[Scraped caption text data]
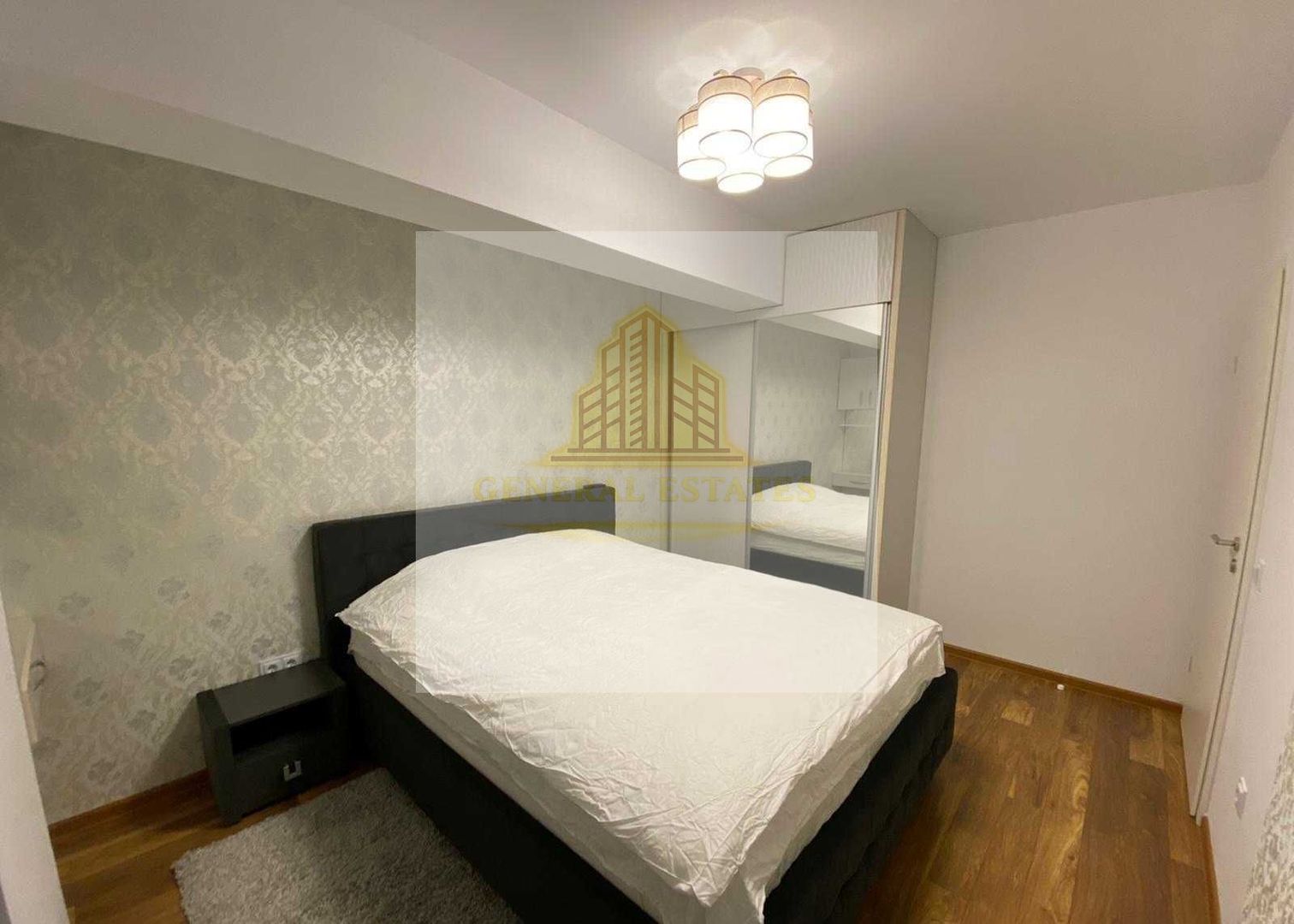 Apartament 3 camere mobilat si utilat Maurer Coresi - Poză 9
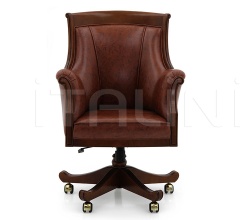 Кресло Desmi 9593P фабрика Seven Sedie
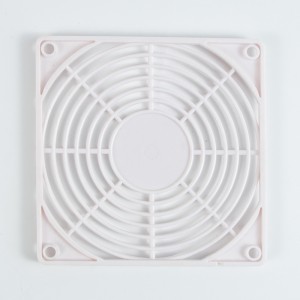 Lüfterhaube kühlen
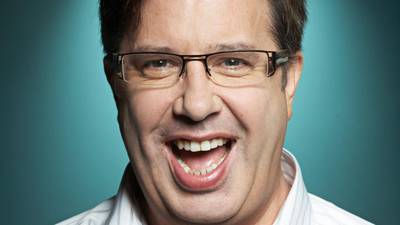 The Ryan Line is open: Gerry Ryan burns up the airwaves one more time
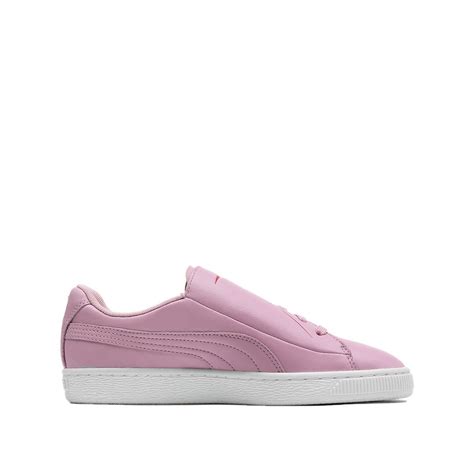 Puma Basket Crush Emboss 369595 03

### Description of the task
The records above should be written out in full and unchanged, except that pictures are dropped.

### Exercise solution
 Apartament 3 camere mobilat si utilat Maurer Coresi - Poză 9
 Кресло Desmi 9593P фабрика Seven Sedie
 Lüfterhaube kühlen
 The Ryan Line is open: Gerry Ryan burns up the airwaves one more time
 Puma Basket Crush Emboss 369595 03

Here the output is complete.